On Nov. 15 reports emerged that Snap, the parent of Snapchat, had filed for an initial public offering that could value the company at as much as $25 billion. Days later, Instagram unveiled a new feature for disappearing photos and videos that puts it squarely in competition with Snapchat.
So goes the escalating battle between the two apps as they each seek to own the time and attention of internet-connected, mobile-phone-obsessed young people. Six-year-old Instagram, which sold to Facebook for $1 billion in 2012, has seen an astounding few years of growth, reporting in June that it has 500 million monthly users and 300 million daily users. Snapchat, which was released in 2011, meanwhile has captured buzz -- and 150 million daily users -- through its focus on ephemerality.
But both companies appear acutely aware of the competition. In July, Snapchat introduced a new feature for saving and reposting old photos, something that's always been easy on Instagram. One month later, Instagram responded with its take on Snapchat's Stories format. Below, The Hollywood Reporter takes a look at how the apps have mimicked each other as the social media arms race heats up.
In July, Snap CEO Evan Spiegel, 26, took a page out of the playbook of more permanent photo-sharing apps like Instagram and unveiled Memories, which allows users to save and share old snaps.
Kevin Systrom, 32, launched Instagram in 2010 as a place to share photos. Now, after selling to Facebook for $1 billion in 2012, daily active users have hit 300 million.

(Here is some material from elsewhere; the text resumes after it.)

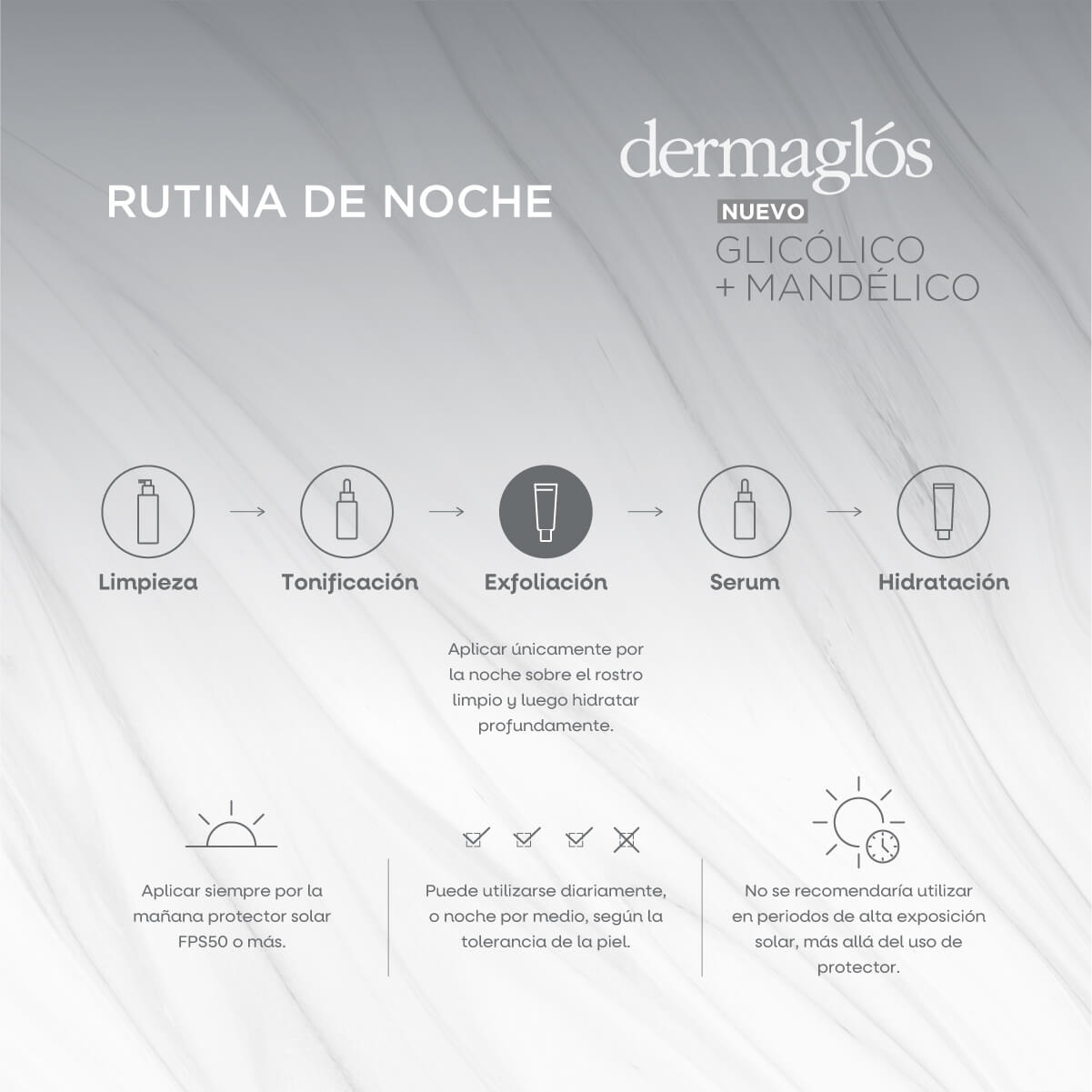 Exfoliante Facial Peeling Glic&oacute;lico y Mand&eacute;lico Dermagl&oacute;s 50 ml image number 9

Snapchat took its first step away from its core ephemeral messages with the 2013 launch of Stories, a string of semi-public photos and videos.
Instagram released its version of Stories in August, and after two months the feature hit 100 million daily users (two-thirds the size of Snapchat).
Snapchat's core product at launch in 2011 was an app for sending photos, and later videos, that disappear after being viewed. This feature has propelled the app to 150 million daily active users.
A late-November update took Instagram's emulation of Snapchat, which days before filed to go public, further with disappearing messages for Direct, similar to Snapchat's original feature.
Snapchat has experimented with live one-on-one video chats and with Stories for events that are happening live around the world, but the app has yet to respond to the live trend with a product of its own.